Collected data:
::::::::

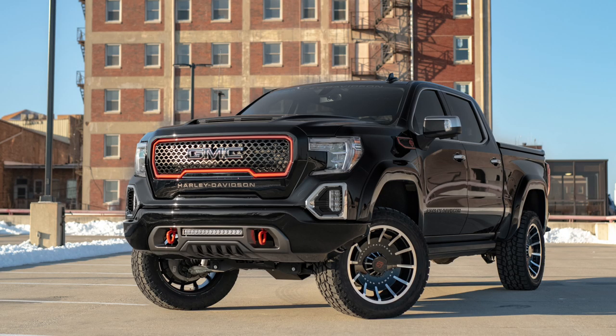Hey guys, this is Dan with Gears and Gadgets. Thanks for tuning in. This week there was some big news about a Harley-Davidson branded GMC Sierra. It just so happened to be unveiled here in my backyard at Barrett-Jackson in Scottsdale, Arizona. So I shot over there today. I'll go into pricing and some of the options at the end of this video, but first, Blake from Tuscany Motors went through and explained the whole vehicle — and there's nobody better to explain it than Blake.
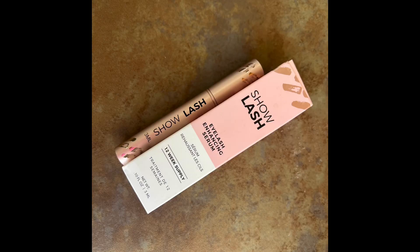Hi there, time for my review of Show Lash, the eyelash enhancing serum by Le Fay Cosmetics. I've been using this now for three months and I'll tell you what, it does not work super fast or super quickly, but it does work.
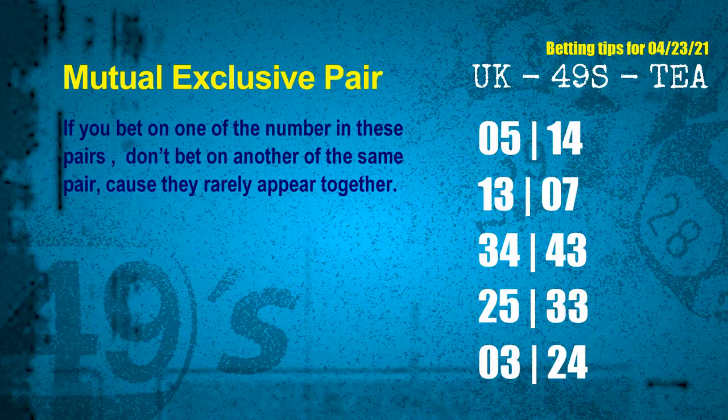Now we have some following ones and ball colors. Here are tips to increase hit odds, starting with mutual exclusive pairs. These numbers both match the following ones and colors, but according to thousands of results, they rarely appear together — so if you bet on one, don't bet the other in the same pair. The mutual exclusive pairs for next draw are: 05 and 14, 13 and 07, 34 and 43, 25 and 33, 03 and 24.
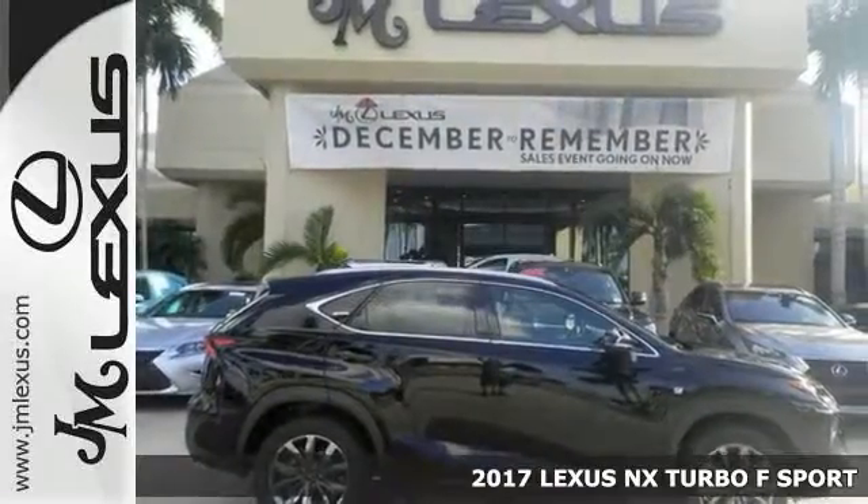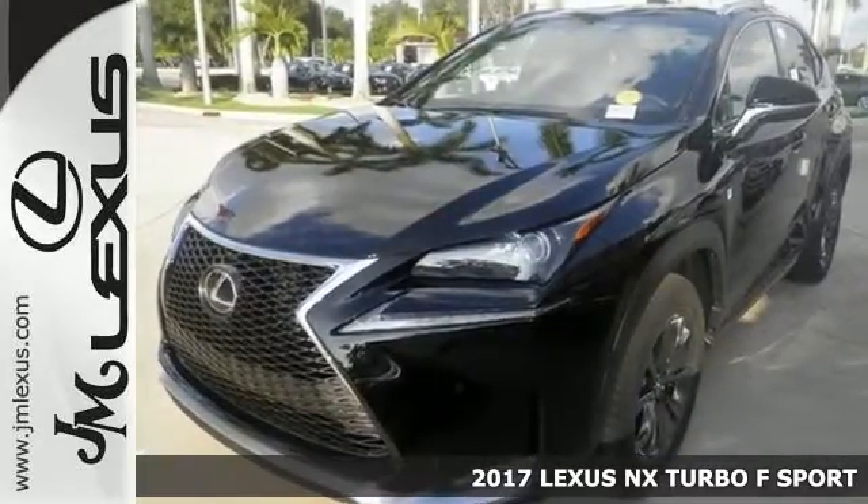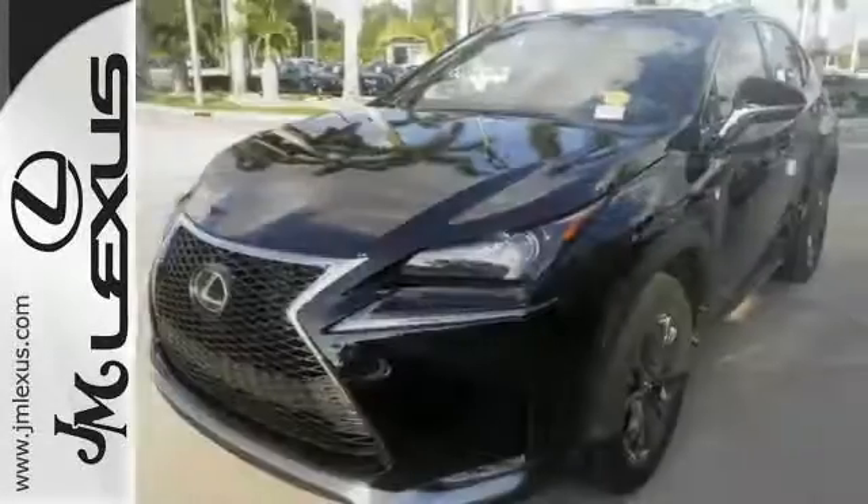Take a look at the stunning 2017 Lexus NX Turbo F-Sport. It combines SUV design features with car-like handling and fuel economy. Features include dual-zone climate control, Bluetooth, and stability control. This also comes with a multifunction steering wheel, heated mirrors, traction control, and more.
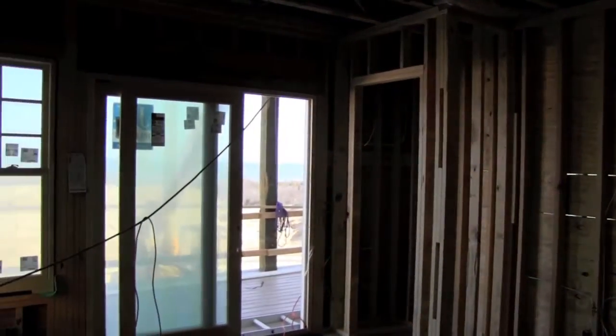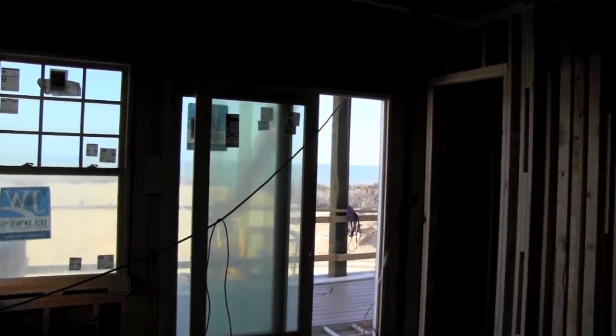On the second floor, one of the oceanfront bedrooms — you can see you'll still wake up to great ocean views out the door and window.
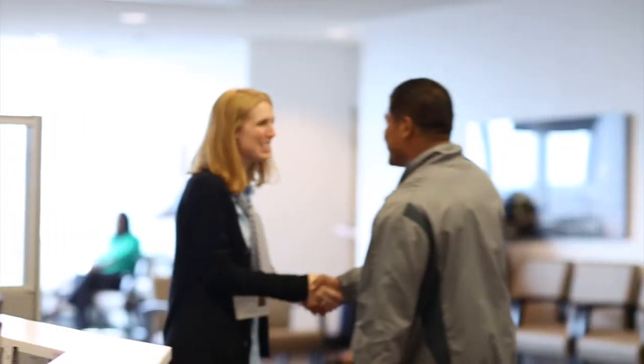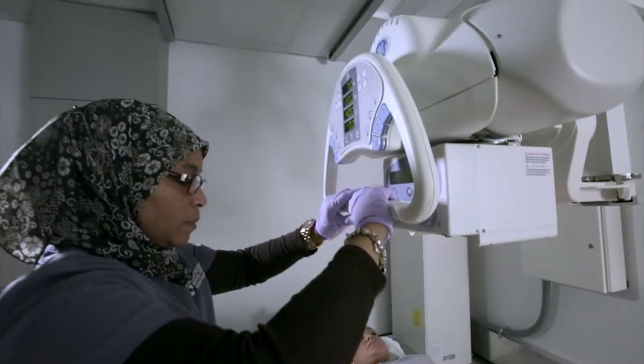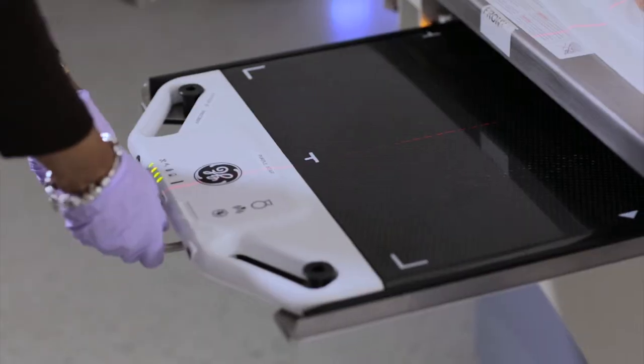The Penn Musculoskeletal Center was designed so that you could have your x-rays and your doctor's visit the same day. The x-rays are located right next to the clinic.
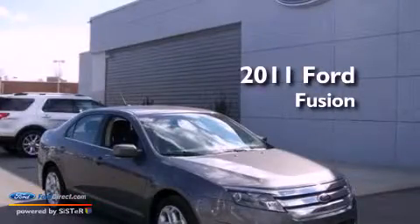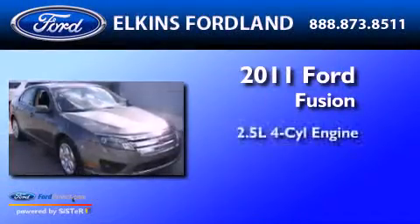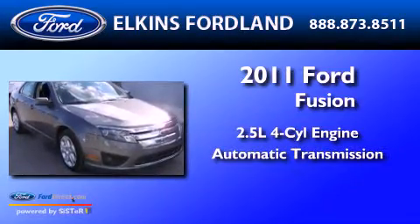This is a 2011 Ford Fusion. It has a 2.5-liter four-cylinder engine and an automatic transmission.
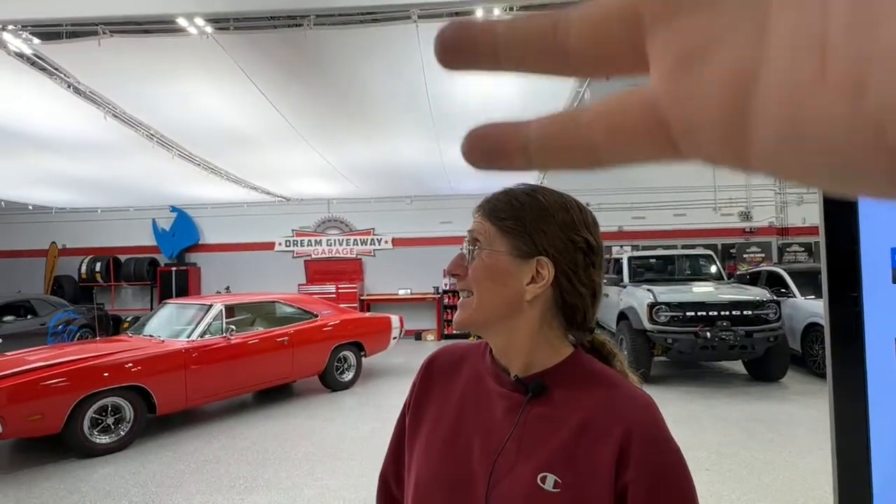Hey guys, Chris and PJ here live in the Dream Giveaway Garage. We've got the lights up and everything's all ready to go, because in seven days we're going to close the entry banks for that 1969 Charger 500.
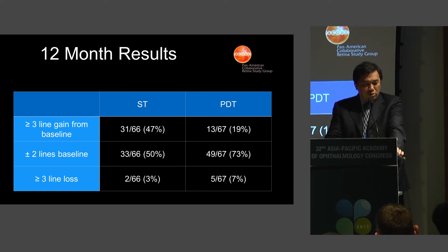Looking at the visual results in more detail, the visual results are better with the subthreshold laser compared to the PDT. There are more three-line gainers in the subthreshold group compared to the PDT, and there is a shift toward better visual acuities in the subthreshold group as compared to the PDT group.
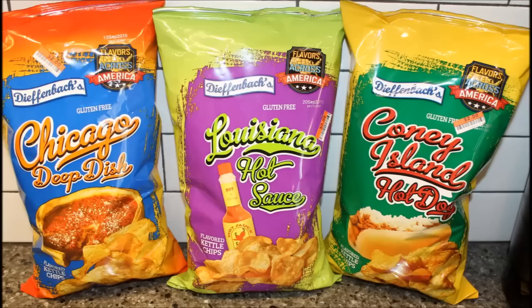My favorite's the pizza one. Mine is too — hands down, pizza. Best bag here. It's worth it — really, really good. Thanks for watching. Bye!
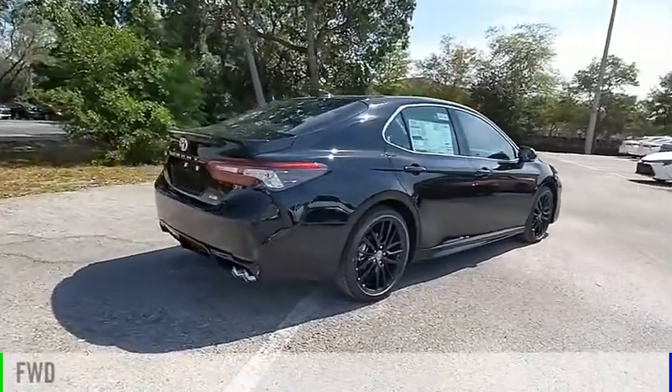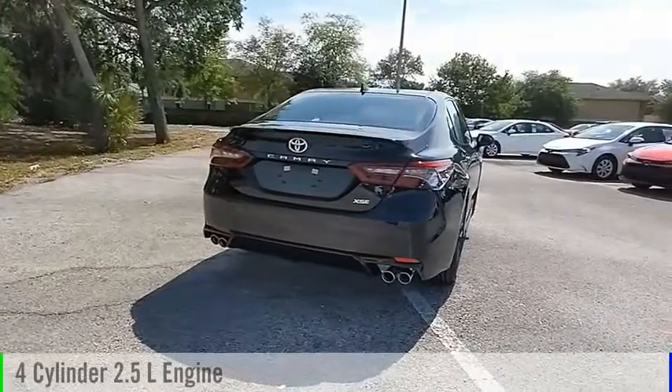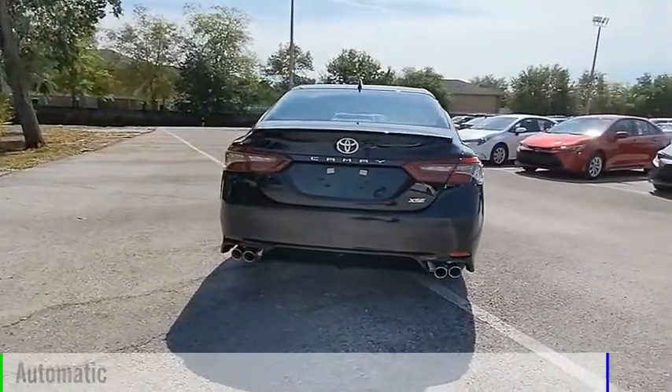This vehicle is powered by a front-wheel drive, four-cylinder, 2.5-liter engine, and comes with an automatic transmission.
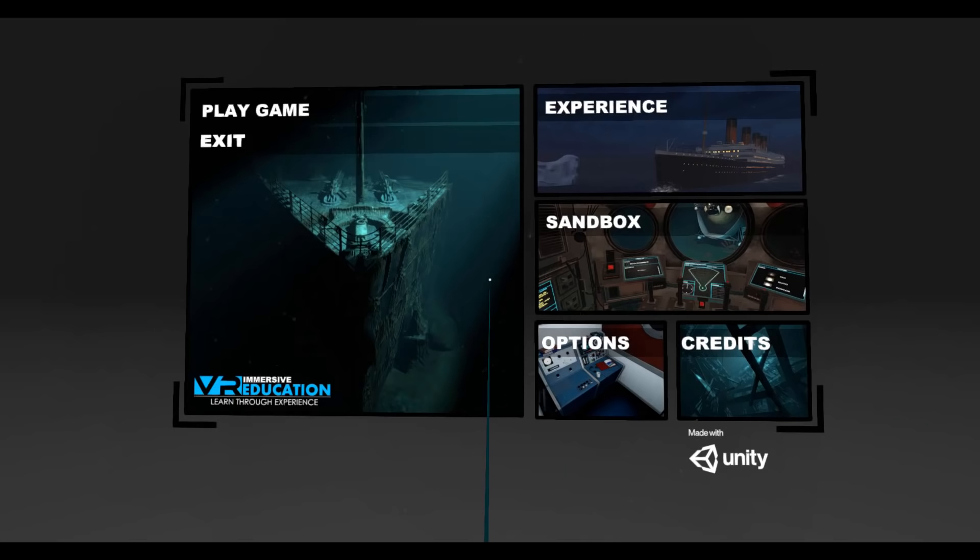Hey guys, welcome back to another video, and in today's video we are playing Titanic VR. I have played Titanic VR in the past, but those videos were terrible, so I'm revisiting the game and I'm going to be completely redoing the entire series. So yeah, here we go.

::::::::

* _Task requirements_
Out of the records above, set down only the lines from the one that contains "Hey guys, Chris" through the one that contains "This vehicle is", unchanged and without the pictures.

* _Answer for this exercise_
Hey guys, Chris and PJ here live in the Dream Giveaway Garage. We've got the lights up and everything's all ready to go, because in seven days we're going to close the entry banks for that 1969 Charger 500.
Looking at the visual results in more detail, the visual results are better with the subthreshold laser compared to the PDT. There are more three-line gainers in the subthreshold group compared to the PDT, and there is a shift toward better visual acuities in the subthreshold group as compared to the PDT group.
My favorite's the pizza one. Mine is too — hands down, pizza. Best bag here. It's worth it — really, really good. Thanks for watching. Bye!
This vehicle is powered by a front-wheel drive, four-cylinder, 2.5-liter engine, and comes with an automatic transmission.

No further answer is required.